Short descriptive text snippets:
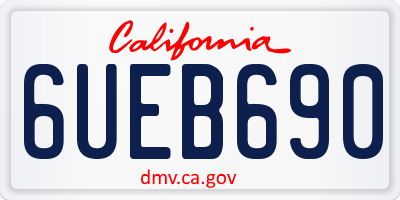 CA license plate 6UEB690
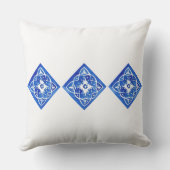 青と白の地中海のタイル大屋外 アウトドアクッション (裏面)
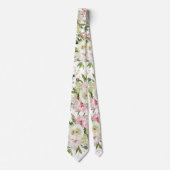 Sparkling Blush Roze & Groene Witte Bruiloft Stropdas (Voorkant)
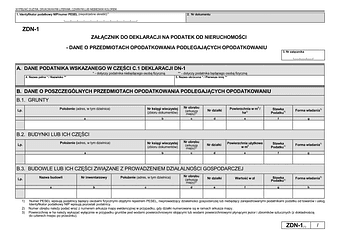 ZDN-1 wersja desktop - Załącznik do deklaracji na podatek od nieruchomości - dane o przedmiotach opodatkowania podlegających opodatkowaniu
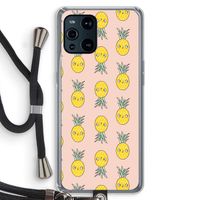 Ananas: Oppo Find X3 Pro Transparant Hoesje met koord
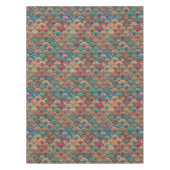 花の曼荼羅の要素が付いているヴィンテージのパッチワーク テーブルクロス (正面)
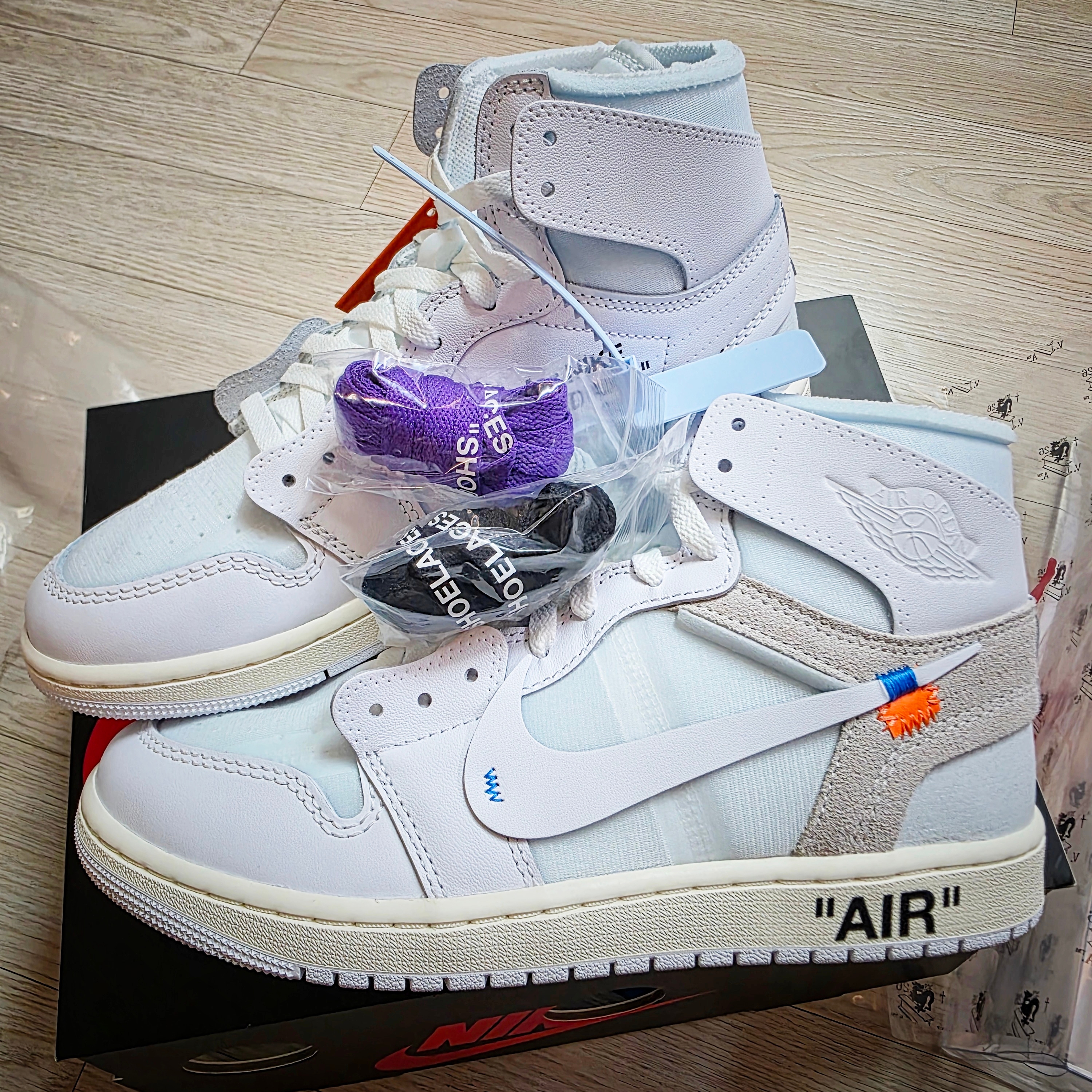 Jordan 1 x Virgil Abloh Archive Retro High Alaska White 착용 스타일 - 3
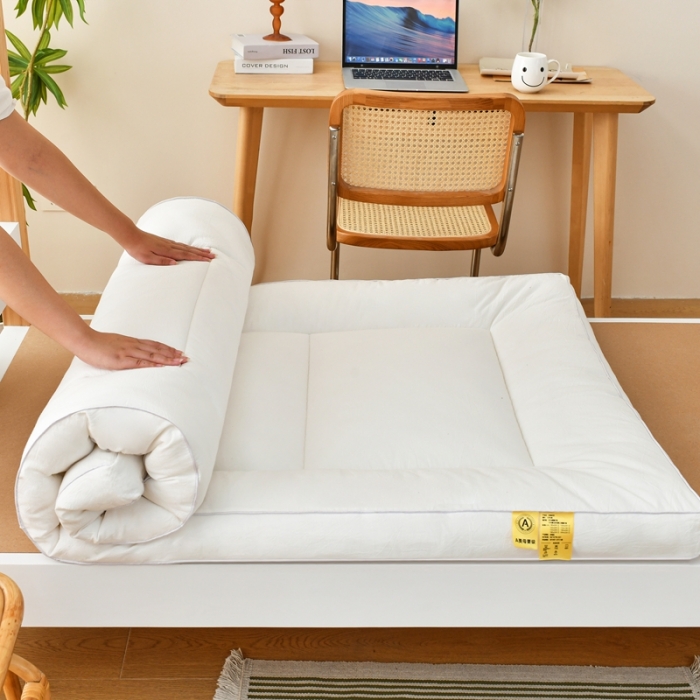 91家纺网 家纺一手货源 找家纺 鑫钰 2023新款学生宿舍专用全棉色织床褥垫褥软床垫整张羽丝棉填充 简洁白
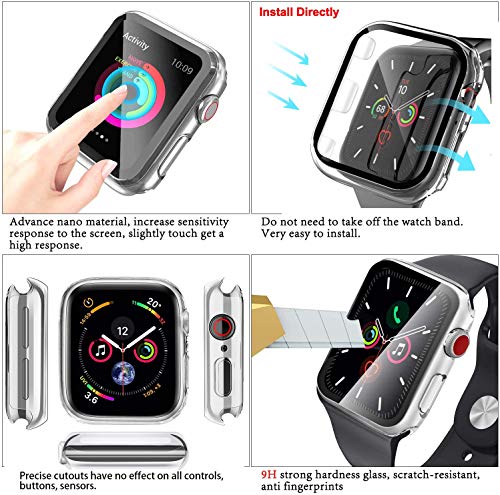 Apple Watch Case 44mm with 9H Glass Screen Protector - Series 6/SE/5/4 Clear Hard PC Bumper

• _Try it_
Print the records again exactly, pictures excluded.

• _Completed exercise_
 CA license plate 6UEB690
 青と白の地中海のタイル大屋外 アウトドアクッション (裏面)
 Sparkling Blush Roze & Groene Witte Bruiloft Stropdas (Voorkant)
 ZDN-1 wersja desktop - Załącznik do deklaracji na podatek od nieruchomości - dane o przedmiotach opodatkowania podlegających opodatkowaniu
 Ananas: Oppo Find X3 Pro Transparant Hoesje met koord
 花の曼荼羅の要素が付いているヴィンテージのパッチワーク テーブルクロス (正面)
 Jordan 1 x Virgil Abloh Archive Retro High Alaska White 착용 스타일 - 3
 91家纺网 家纺一手货源 找家纺 鑫钰 2023新款学生宿舍专用全棉色织床褥垫褥软床垫整张羽丝棉填充 简洁白
 Apple Watch Case 44mm with 9H Glass Screen Protector - Series 6/SE/5/4 Clear Hard PC Bumper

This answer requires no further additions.